Most are students from low-income families, members of a minority group and the first in their families to go to college — and all are offered the opportunity to attend USC on a 4.5-year scholarship if they graduate from the program and are accepted to the University.
As a result, Foshay sent 30 students to USC in 2016 — the most of any high school in the country. Graduates of the program who don’t attend USC go on to other colleges such as the University of California or numerous Ivy League schools, bringing NAI’s college attendance rate to 98 percent.
Parents who enroll their kids in the program — such as Ivonne Rodriguez, whose 14-year-old daughter is in NAI — credit the organization for helping their children develop the motivation to pursue a college education.
“My daughter came from an environment where she was one of the brightest kids in a class and moved into a program where she was with kids that thought the same way — they all want to work hard, they all want to encourage each other,” Rodriguez said. “Now she has a plan [for college], and she’s only in eighth grade. That changes the narrative for scholars in our community who see themselves as scholars, not just students — and that’s powerful.”
NAI has enrolled students each year since 1991, but Rodriguez — who also works as a project specialist for NAI — said that Executive Director Kim Thomas-Barrios has increased standards and changed the conversation in recent years. According to Rodriguez, students are no longer talking about whether they will even go to college, but about which selective college they will attend.
“This program transforms people’s lives,” Rodriguez said. “It becomes this equalizer in education … so when [these students] enter their senior year of high school, they are competitive candidates to go to college.”
Students typically enter the program in sixth grade through a selective application process and spend seven years taking extra classes at USC on weekday mornings and Saturdays, receiving extra after-school tutoring, attending workshops to develop study habits and participating in enrichment activities such as theater workshops.
NAI participants like Jessica Hernandez-Flores, a senior at the Foshay Learning Center who plans to attend USC in the fall, said that these rigorous lessons have helped her expand her academic abilities.
“It was different from middle school because they pushed you,” Hernandez-Flores said. “When I entered high school they told me that I had to be more independent, and they pushed me to … do things on my own.”
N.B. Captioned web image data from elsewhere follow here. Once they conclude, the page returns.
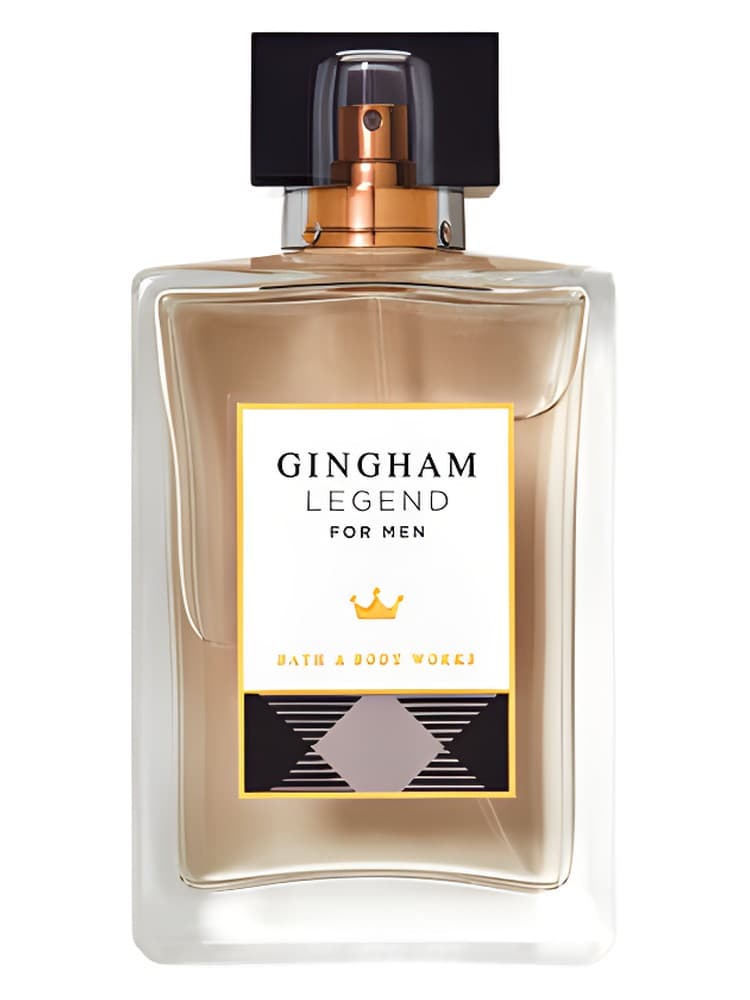Gingham Legend Cologne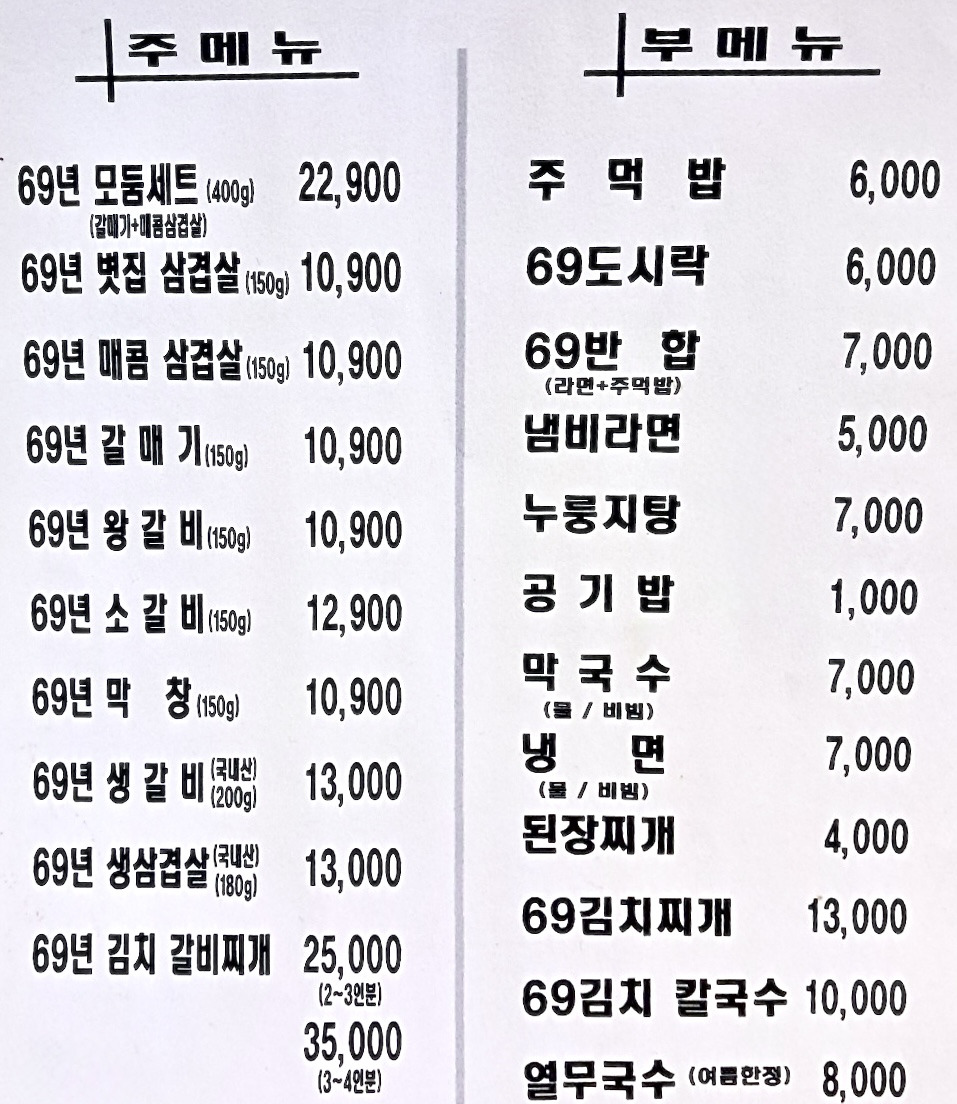 69대통령 2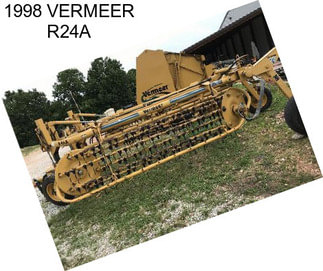 1998 VERMEER R24A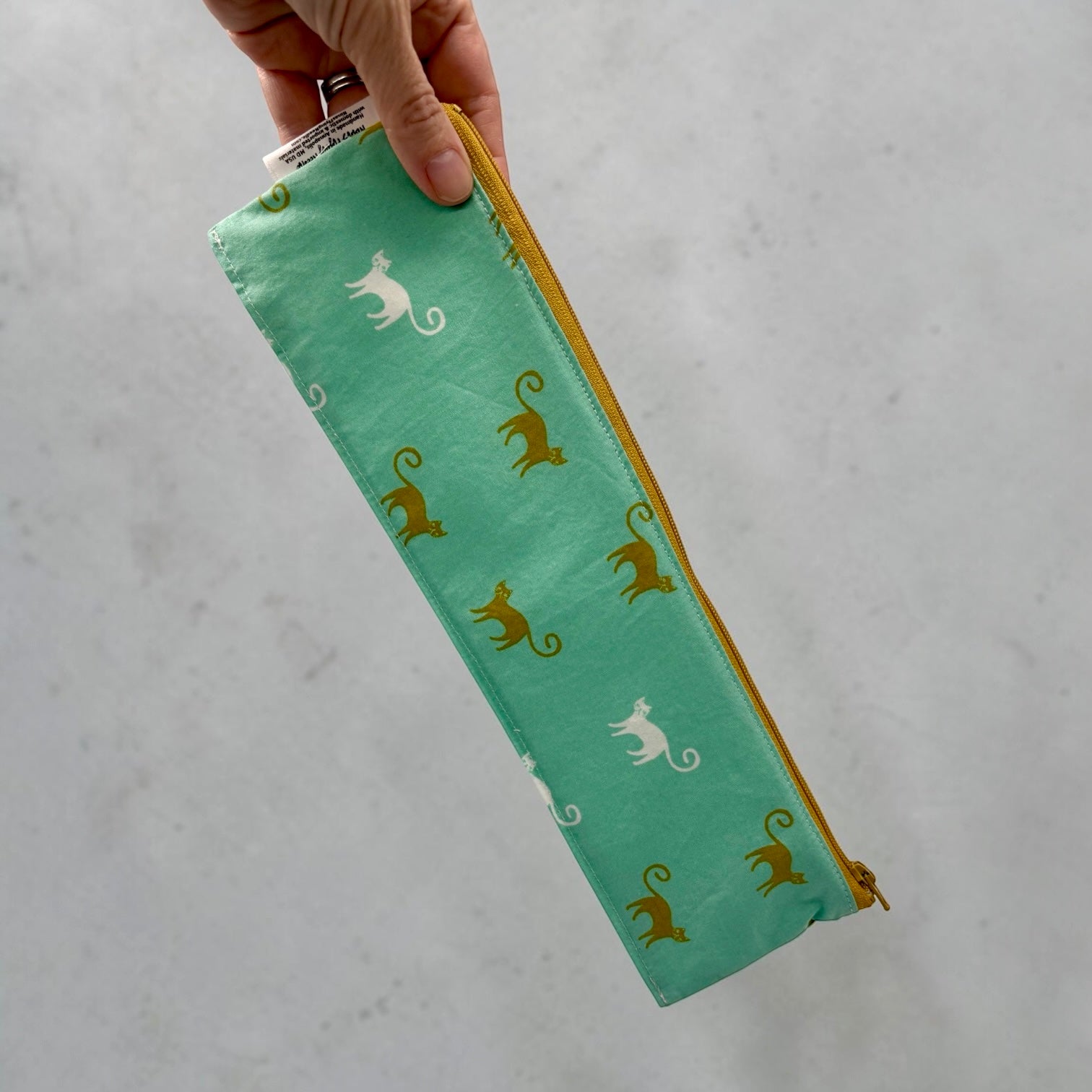 XXL Sized Reusable Straw Cats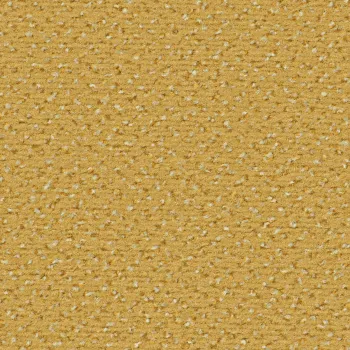 Preview: „Vorwerk Alexis Teppichboden in Mais – gelbe Draufsicht mit feiner Veloursstruktur“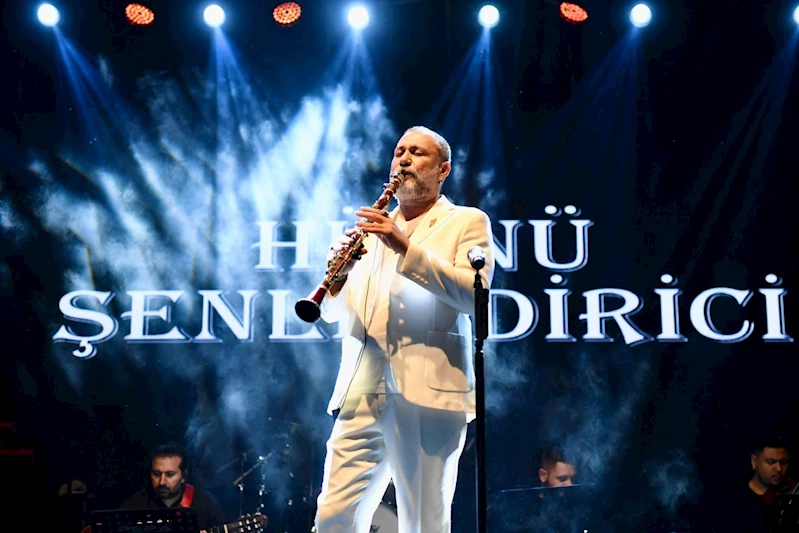 2’NCİ ORDU AHMET ÖZDEMİR KLARNET FESTİVALİ COŞKUYLA SONA ERDİ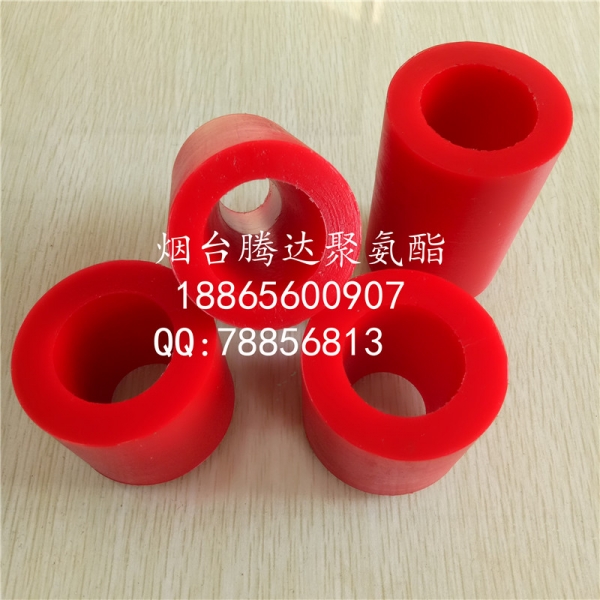 煙臺騰達(dá)聚氨酯沉砂嘴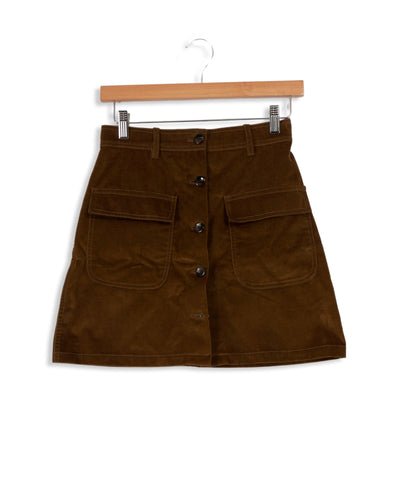 Jupe kaki Soeur - 36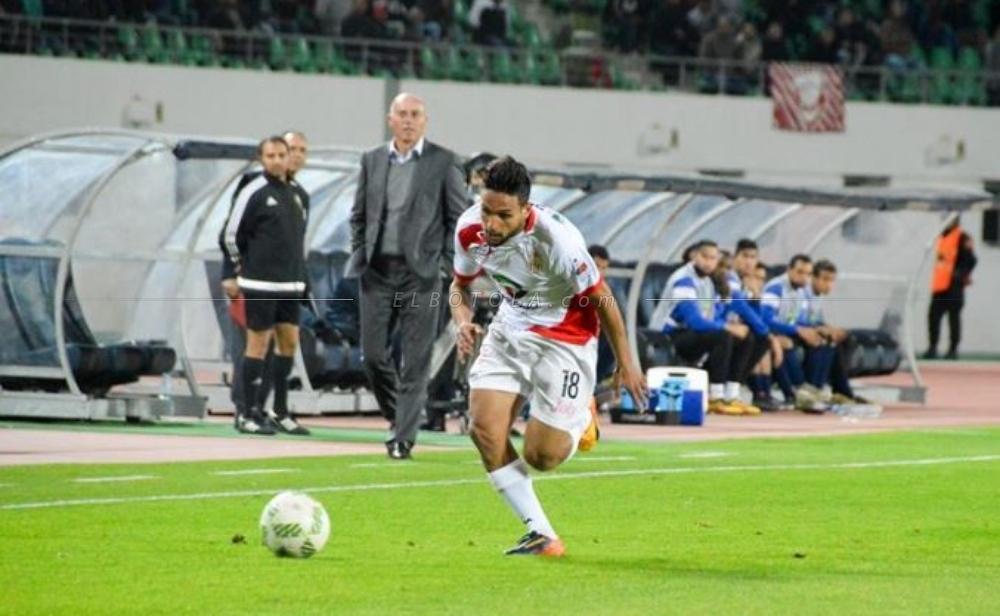 بديع أووك: " سأحسم في مستقبلي بعد نهاية الموسم و اللقب ليس مستحيلا"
For Lopez, NAI was not just a means to achieve a more rigorous education or develop her interest in science. It was also a practical program that allowed her — and her parents — to understand how to apply to and attend college. As the child of immigrant parents who fled the civil war in Guatemala in the 1990s, Lopez never believed that a college education was possible for her — until she enrolled in NAI, which provided standardized test preparation, workshops on financial aid and special lessons for parents on the college application process.
“Whenever the talk came of applying to college, it was something foreign — I had never heard about it and didn’t know anything about it,” Lopez said. “My parents don’t know how to fill out an application, how to use a computer — they can’t even speak English that well. So it was reassuring that there were people [at NAI] to help you for something that seemed out of your reach.”